## What to produce
Within the records below is a range that opens at the line with "İzmir Büyükşehir Belediye" and closes at the line with "R 3'' Verzinkt". Return that range word for word, both ends included, and only that range.
=== Records provided ===
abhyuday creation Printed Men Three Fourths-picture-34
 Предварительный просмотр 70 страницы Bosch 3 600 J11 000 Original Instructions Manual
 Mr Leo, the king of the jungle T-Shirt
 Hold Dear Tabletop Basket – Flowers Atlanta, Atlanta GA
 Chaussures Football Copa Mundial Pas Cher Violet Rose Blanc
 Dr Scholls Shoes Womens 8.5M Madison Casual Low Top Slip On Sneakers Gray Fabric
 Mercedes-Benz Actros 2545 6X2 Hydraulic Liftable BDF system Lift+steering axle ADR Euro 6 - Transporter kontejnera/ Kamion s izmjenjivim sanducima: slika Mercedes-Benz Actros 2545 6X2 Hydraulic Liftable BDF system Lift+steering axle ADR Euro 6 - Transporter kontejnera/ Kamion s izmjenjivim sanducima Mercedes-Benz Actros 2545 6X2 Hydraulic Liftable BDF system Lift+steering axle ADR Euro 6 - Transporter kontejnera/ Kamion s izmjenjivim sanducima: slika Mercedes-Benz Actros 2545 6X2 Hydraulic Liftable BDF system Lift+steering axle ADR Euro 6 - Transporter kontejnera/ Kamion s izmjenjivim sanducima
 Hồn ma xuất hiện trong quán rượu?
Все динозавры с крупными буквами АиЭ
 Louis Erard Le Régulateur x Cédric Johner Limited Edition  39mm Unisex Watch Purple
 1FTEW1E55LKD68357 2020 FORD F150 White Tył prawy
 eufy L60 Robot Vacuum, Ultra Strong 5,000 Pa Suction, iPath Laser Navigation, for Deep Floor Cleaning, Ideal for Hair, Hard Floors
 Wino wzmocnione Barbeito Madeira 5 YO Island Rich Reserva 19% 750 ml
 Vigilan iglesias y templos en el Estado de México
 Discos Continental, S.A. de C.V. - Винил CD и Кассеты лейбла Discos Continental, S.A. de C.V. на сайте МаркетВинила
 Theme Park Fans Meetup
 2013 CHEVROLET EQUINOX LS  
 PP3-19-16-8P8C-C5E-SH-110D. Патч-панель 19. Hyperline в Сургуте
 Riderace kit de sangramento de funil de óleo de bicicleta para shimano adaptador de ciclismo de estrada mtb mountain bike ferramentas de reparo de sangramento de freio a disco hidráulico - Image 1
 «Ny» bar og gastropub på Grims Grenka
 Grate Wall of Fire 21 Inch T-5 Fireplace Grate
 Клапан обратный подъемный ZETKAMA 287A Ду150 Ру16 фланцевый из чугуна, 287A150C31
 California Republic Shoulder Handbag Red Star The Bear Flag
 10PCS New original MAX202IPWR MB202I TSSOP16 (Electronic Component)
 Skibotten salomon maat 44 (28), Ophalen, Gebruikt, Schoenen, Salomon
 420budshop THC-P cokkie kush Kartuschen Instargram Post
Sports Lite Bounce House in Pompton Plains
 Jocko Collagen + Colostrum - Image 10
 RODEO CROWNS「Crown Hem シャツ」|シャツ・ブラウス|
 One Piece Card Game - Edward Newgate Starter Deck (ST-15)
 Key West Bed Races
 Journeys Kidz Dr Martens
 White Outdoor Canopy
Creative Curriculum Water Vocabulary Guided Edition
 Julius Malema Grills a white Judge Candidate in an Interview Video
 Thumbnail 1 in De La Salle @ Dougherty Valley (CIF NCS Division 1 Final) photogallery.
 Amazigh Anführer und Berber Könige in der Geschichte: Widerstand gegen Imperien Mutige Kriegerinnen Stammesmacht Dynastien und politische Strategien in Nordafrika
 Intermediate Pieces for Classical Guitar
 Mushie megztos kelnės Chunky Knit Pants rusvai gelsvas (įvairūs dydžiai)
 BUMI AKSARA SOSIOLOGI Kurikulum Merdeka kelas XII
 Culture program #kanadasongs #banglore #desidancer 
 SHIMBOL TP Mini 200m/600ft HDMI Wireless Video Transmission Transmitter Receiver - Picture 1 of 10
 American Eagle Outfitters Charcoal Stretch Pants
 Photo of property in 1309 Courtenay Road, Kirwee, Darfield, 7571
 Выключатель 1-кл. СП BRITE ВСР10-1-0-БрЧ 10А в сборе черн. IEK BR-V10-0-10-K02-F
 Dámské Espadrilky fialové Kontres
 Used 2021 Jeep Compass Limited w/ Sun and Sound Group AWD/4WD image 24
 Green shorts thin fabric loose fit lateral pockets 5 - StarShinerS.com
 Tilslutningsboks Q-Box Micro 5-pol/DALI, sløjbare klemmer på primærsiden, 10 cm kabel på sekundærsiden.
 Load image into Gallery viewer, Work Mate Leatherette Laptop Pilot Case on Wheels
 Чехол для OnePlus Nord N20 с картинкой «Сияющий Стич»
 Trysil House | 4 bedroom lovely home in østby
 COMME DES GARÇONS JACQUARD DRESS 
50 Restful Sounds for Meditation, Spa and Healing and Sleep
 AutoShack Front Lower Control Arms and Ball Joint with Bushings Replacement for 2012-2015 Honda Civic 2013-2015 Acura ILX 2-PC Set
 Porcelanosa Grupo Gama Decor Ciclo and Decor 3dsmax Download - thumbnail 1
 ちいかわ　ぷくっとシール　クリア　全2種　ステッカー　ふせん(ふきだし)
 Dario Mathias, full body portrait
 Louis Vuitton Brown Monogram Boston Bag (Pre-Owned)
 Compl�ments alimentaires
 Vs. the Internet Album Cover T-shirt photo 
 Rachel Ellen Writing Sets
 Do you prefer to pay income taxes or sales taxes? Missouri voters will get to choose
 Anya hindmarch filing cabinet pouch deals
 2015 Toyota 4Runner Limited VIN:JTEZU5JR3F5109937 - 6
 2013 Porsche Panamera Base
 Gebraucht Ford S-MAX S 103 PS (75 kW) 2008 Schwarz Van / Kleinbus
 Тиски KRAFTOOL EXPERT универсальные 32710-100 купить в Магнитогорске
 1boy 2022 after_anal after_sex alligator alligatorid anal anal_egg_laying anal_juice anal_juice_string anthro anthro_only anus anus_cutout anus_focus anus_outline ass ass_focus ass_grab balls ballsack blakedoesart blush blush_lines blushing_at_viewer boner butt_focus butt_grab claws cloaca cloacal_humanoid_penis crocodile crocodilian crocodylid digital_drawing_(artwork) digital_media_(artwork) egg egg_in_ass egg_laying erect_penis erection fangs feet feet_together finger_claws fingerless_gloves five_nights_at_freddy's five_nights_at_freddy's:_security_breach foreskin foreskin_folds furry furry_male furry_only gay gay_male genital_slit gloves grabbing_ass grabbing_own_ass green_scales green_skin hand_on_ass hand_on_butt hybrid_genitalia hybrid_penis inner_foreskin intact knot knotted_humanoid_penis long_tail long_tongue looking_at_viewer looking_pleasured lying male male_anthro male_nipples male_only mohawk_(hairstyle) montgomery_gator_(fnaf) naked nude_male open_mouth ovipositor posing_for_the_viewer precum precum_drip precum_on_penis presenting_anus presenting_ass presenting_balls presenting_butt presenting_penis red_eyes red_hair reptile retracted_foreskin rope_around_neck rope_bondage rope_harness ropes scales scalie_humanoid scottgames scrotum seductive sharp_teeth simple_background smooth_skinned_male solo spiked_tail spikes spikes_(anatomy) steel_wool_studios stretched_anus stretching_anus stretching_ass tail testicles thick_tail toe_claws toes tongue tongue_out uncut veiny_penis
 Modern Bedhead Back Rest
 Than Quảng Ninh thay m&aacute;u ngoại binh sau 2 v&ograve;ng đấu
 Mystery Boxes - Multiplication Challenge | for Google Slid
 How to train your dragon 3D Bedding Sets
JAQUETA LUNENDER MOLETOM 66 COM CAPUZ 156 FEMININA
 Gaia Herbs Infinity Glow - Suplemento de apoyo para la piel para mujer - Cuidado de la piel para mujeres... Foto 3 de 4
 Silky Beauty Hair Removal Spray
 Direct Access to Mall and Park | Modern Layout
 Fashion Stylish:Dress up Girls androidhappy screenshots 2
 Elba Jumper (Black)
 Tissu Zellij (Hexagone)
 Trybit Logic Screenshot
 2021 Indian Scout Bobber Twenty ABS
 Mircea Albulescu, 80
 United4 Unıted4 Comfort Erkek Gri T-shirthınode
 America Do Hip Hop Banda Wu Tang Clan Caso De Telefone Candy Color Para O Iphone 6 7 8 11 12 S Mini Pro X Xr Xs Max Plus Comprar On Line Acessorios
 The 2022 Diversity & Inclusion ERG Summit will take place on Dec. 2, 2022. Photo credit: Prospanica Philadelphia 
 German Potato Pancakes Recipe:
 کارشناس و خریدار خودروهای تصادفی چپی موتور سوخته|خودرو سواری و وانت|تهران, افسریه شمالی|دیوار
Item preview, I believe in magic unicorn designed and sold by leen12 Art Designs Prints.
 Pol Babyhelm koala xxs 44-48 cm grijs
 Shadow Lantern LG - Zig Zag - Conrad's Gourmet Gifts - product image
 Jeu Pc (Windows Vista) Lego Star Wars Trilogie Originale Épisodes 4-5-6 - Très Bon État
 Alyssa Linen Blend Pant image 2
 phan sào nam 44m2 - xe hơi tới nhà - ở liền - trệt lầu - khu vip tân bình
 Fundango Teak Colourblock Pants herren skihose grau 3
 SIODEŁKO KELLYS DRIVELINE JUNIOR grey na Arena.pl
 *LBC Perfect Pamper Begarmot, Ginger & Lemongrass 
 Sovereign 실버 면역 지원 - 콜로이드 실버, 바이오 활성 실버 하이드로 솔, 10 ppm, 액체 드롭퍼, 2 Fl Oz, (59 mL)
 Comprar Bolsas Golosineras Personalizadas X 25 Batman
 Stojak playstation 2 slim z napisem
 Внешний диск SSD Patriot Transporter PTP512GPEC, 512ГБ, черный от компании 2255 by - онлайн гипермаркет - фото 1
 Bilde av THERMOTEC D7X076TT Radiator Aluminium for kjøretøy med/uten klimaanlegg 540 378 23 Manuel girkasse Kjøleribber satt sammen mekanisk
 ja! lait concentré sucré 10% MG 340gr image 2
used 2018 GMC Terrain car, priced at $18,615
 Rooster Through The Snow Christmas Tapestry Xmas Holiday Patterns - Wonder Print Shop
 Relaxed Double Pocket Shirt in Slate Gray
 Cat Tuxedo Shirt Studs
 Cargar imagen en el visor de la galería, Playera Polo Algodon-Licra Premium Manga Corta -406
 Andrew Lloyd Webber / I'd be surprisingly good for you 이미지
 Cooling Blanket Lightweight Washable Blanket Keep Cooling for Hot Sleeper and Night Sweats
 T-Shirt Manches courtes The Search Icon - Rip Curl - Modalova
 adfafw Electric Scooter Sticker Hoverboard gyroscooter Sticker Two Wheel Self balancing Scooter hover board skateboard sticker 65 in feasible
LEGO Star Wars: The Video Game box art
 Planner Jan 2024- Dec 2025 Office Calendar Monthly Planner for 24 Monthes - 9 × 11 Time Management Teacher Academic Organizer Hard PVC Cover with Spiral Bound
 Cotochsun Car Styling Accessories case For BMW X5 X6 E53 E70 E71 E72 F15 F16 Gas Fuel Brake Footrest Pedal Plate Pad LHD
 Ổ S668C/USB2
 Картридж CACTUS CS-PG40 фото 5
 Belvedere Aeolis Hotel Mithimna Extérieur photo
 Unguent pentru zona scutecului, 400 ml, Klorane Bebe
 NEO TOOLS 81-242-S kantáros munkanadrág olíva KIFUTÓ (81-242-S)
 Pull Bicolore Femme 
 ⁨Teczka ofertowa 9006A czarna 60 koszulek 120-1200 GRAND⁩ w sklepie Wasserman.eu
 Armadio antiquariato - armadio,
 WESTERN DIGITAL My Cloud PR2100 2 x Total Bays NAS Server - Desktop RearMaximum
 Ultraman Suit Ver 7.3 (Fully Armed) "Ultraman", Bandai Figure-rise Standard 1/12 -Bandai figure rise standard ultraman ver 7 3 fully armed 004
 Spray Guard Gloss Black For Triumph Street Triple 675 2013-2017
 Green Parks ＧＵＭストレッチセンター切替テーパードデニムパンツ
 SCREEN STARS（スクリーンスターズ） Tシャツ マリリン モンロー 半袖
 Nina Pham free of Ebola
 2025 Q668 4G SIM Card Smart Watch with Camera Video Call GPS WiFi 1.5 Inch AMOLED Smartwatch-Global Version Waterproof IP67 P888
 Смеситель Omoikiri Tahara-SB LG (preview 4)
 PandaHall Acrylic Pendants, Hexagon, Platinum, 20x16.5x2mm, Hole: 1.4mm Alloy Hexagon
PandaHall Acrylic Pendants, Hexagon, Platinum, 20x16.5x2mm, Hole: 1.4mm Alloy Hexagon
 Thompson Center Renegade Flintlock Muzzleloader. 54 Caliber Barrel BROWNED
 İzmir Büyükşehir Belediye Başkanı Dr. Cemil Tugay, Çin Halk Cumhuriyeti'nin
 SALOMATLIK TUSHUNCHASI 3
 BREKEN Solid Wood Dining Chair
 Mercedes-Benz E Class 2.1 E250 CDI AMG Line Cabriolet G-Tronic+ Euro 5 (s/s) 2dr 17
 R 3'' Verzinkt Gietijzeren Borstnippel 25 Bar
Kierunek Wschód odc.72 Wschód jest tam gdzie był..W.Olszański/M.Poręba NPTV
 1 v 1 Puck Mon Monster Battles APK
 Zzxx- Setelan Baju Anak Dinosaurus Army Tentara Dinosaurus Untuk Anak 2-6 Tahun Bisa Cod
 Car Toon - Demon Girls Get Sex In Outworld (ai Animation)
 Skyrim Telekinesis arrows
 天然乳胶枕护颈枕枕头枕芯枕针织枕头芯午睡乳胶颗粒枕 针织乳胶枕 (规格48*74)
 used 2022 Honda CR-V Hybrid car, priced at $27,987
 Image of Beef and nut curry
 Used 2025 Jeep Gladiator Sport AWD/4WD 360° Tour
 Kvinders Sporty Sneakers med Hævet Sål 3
===
## Written solution
 İzmir Büyükşehir Belediye Başkanı Dr. Cemil Tugay, Çin Halk Cumhuriyeti'nin
 SALOMATLIK TUSHUNCHASI 3
 BREKEN Solid Wood Dining Chair
 Mercedes-Benz E Class 2.1 E250 CDI AMG Line Cabriolet G-Tronic+ Euro 5 (s/s) 2dr 17
 R 3'' Verzinkt Gietijzeren Borstnippel 25 Bar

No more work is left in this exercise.